* [Problem to work on]: The required output is the lines below from the line containing "Two Row Pearl Necklace & Bracelet St" to the line containing "Purple Gold Car", inclusive, retyped exactly. No other lines belong in it.

* [Stored data]:
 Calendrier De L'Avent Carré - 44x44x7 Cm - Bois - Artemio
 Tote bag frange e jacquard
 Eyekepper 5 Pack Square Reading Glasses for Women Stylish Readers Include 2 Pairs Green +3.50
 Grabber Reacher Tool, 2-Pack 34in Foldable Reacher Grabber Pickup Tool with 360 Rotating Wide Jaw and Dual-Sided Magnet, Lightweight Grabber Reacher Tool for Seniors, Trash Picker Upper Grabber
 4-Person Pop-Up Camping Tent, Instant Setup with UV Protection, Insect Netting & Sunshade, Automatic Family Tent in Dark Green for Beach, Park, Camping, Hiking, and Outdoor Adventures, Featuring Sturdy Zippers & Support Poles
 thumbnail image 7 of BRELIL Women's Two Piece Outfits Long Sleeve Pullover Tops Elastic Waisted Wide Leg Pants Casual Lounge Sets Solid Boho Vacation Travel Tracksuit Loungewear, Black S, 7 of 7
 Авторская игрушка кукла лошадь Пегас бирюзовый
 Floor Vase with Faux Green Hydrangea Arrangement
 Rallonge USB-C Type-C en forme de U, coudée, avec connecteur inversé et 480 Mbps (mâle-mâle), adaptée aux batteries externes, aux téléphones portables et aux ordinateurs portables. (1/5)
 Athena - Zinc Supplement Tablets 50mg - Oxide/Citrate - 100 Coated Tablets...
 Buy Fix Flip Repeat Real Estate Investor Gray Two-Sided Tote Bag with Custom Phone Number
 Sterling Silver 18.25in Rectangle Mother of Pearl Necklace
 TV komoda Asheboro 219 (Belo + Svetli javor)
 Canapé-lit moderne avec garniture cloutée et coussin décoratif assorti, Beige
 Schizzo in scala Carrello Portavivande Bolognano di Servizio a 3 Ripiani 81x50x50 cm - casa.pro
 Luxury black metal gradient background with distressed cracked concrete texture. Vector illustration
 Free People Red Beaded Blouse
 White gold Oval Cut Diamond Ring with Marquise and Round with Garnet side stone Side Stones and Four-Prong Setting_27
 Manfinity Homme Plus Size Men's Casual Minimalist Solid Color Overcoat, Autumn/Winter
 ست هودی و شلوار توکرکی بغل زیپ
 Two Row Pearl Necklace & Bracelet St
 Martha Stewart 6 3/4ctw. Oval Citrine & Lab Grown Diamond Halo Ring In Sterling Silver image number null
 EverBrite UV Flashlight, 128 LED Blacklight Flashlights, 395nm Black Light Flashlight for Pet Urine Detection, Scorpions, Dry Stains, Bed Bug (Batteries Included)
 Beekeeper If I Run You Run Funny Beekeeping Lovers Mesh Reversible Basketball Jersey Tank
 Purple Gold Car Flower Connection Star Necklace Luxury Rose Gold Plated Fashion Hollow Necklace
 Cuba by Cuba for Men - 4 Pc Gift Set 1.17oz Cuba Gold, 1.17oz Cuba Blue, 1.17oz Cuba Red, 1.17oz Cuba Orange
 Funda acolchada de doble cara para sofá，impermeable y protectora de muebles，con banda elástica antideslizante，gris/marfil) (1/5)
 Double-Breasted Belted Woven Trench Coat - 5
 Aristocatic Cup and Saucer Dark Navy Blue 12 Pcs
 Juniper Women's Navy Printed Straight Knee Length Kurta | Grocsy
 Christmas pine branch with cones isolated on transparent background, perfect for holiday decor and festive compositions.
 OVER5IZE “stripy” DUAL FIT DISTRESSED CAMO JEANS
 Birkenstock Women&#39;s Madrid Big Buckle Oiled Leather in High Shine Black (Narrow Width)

* [Exercise result]:
 Two Row Pearl Necklace & Bracelet St
 Martha Stewart 6 3/4ctw. Oval Citrine & Lab Grown Diamond Halo Ring In Sterling Silver image number null
 EverBrite UV Flashlight, 128 LED Blacklight Flashlights, 395nm Black Light Flashlight for Pet Urine Detection, Scorpions, Dry Stains, Bed Bug (Batteries Included)
 Beekeeper If I Run You Run Funny Beekeeping Lovers Mesh Reversible Basketball Jersey Tank
 Purple Gold Car Flower Connection Star Necklace Luxury Rose Gold Plated Fashion Hollow Necklace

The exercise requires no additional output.